The writing process is really a puree of writing processes
for writing everything from haiku to sci fi novels which
is why teaching the writing process is so hard. It also is why writing
is so difficult for students to learn in the standard English classroom.
You and I both know there's as much similarity between sonnets
and research papers as there is between driving a riding lawn mower
and racing at Daytona Speedway.
If we're going to do a halfway decent job of teaching writing,
we need to be teaching the writing
process that matches the vehicle the students are actually going
to operate, namely the nonfiction, expository, thesis-and-support
(persuasive-pattern) essay.
Writing is sometimes said to develop a 5-step writing process.
I find that terminology misleading.
Writing doesn't proceed smoothly, one foot ahead of the other.
If anything, it is a single step followed by some hopping around
and then another step and more hopping around.
A better analogy is that essay writing is an assembly line process.
Assembly line features
On an assembly line, products are put together in a certain
sequence. However, all sorts of activities are going on off
to the side and out of sight because components must ready when
it's time to assemble them. Each component has its own little
assembly processes.
Like an assembly line, the essay writing process works only when
writer can get all the components ready by the time they are
needed.
Teach how and when to produce
When
teaching the writing process, you have to train students how
to build each of the components of an essay.

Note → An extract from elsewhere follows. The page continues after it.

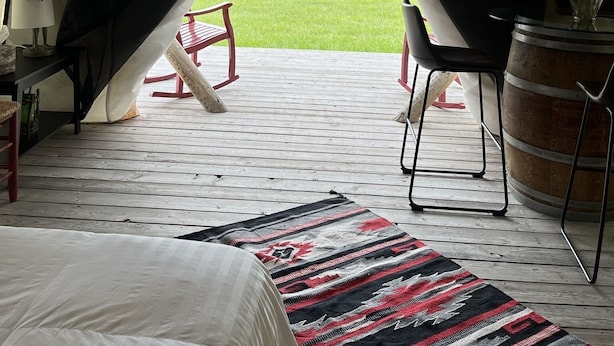 Een tent met een bed, een stoel, een tafel en een vloerkleed.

Most of the building techniques are standardized procedures called
strategies. They're about as hard as putting nut A on bolt
B. It may take a while for students to get proficient, but it won't
take long for them to learn what to do.
You also have to teach students when to assemble
the components. The first part of a product you see is usually the
last component that was installed.
As the writing supervisor, you have to make sure students . . .
-
Focus on the innards of their products instead of on
the paint job.
-
Build the components in the order of assembly.
-
Know how to assemble the components.
None of that is rocket science, but it
takes time for students to learn to do the entire process without
consulting their notes or scratching their heads trying to remember
what they should do next.
Creativity is off-line
I can hear the wails now: "What about creativity? Are you trying
to tell me there's no creativity involved in writing? "
Of
course, writing involves creativity. That creativity, however, is
not part of the assembly process. The actual preparation
of the writing can be done mechanically without any creativity whatsoever.
Think of an automobile assembly line. If one car model is different
than another, the difference is due to a creative designer whose
work is done before the assembly line starts up on the shop
floor. Once the assembly line starts, the process is mechanical.
In the same way, the truly creative part of expository writing
is done before the students begin drafting their first paragraphs.
Once the actual composition starts, the process is mechanical —
and that's good.
Teaching the writing process to beginning writers is possible only
because it is a mechanical, assembly-line process.